## What the task asks
Beneath this line are entries. Copy the range from the line with "Denim Diamonds Balloon" to the line with "Topshop high waist", ends included, exactly; leave pictures out.

## Input data
.....
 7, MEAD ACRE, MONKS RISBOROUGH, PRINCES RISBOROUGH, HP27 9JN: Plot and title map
.....
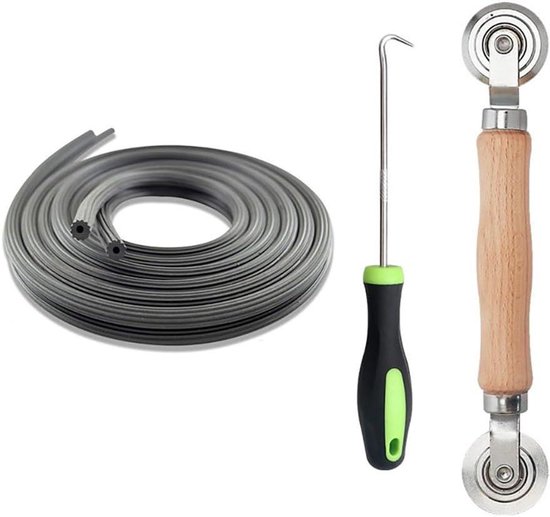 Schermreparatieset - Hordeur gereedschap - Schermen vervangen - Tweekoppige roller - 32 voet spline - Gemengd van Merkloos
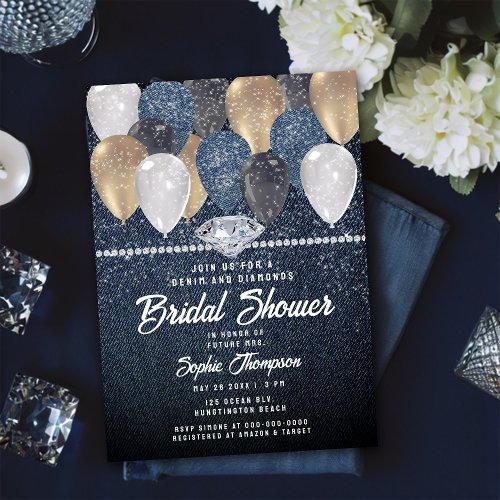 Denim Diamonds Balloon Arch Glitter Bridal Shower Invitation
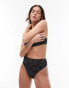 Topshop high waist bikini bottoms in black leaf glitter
.....
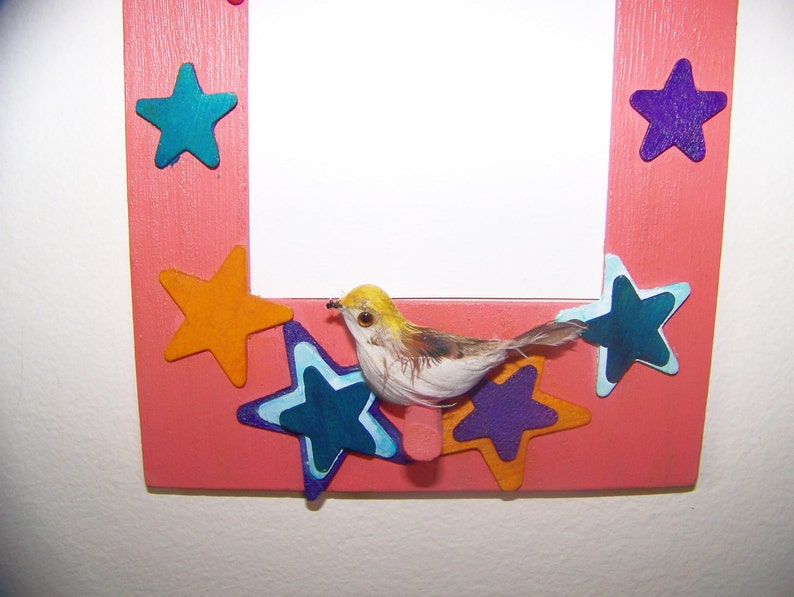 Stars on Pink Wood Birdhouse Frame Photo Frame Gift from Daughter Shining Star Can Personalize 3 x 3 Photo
.....
## Output
 Denim Diamonds Balloon Arch Glitter Bridal Shower Invitation
 Topshop high waist bikini bottoms in black leaf glitter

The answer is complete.